DSC 7765 resized 600HAC Volunteer of the Year Maura Dankert (far right) with her family, staff from The Village at Cataumet and HAC volunteer Cynthia Goldberg.

A few years ago on a cold winter day, Karen Graveline, Maureen Carser and Dan McCullough found themselves outside battling frigid temperatures, horizontal sleet and freezing rain to check on two homeless women living in a tent not far from Hyannis Harbor.

As they trudged through the brush, and ice began to form on McCullough’s beard and in his colleagues’ hair, they called out, asking the pair, “Can we come in?”

The women, recognizing the voices, zipped open their tent where McCullough, Carser and Graveline, saw them as comfortable as could be, enjoying some food and drink while listening to the radio. “They looked up at us standing out there… And one of them said to us, ‘What are you people doing out there in this weather? Are you crazy?’” McCullough said, relaying the story to those in attendance at HAC’s 41st Annual Meeting & Volunteer Recognition last month at the Cape Codder Resort & Spa in Hyannis.

As the laughter in the audience died down, McCullough acknowledged that perhaps he was not alone. “I guess if we’re doing this kind of work and we’re defining success in such unusual terms, maybe we are crazy,” he said. “But if we are then you know what, there are a lot of you in this room who are crazy too because you’re doing the same thing: HAC’s middle name.”

McCullough and Carser, members of the nonprofit TEAM M25, were celebrated for their “craziness” – others may call it a passion for helping those most vulnerable – at HAC’s annual meeting with the 2014 Human Services Partner Award.

DSC 7455 resized 600Dan McCullough (right) of TEAM M25 with NOAH Shelter Director Greg Bar at HAC’s Annual Meeting & Volunteer Recognition. 

In accepting the award, McCullough stressed that TEAM M25’s work – the organization cares for Cape Cod’s homeless that live outdoors – is driven not by success as defined by today’s society. Instead, he aligned success with another word tied to HAC’s work: assistance.

“Working with our people is not like building a boat in your backyard… where neighbors will come in and say, ‘Gee, you’ve been building that boat for 11 years. Is anything going to happen?’” he said. “It’s not that kind of thing. We’re dealing with human beings and we come from a place where we need to define our success in other ways.”

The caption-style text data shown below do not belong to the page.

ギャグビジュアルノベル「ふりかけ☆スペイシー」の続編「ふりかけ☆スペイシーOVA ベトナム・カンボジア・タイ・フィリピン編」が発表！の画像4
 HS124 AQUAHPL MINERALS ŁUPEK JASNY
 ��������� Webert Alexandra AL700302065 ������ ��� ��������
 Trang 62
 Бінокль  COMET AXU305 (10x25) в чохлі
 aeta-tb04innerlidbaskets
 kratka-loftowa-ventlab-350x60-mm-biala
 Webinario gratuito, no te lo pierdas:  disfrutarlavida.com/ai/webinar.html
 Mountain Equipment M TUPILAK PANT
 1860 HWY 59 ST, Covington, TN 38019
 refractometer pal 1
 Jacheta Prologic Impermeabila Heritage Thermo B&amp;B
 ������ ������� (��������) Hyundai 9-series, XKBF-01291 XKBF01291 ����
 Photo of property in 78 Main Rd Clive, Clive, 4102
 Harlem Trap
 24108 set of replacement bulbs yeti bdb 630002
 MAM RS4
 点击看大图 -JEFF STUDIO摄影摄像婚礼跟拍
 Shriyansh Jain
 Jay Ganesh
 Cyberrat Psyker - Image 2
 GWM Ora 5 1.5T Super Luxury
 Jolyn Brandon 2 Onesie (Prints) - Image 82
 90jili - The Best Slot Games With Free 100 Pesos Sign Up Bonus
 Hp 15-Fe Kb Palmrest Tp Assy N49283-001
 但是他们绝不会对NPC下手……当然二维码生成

If success is indeed tied to assisting those in need, then it was visible in the award recipients at this year’s annual meeting, including those like the Hyannis Main Street Business Improvement District (BID) which was chosen as HAC’s Business/Organization Partner of the year.

The BID was instrumental in helping HAC launch the Day Center at NOAH last May as part of a community effort that included the Duffy Health Center, the Hyannis Civic Association, the Town of Barnstable and the Barnstable Police Department. “We think of Hyannis as a downtown with a heart and we want to come together and help people be happier and have a better quality of life,” said Elizabeth Wurfbain, the executive director of BID, explaining why it was so important for the community to provide the region’s homeless with a safe place to go during the day.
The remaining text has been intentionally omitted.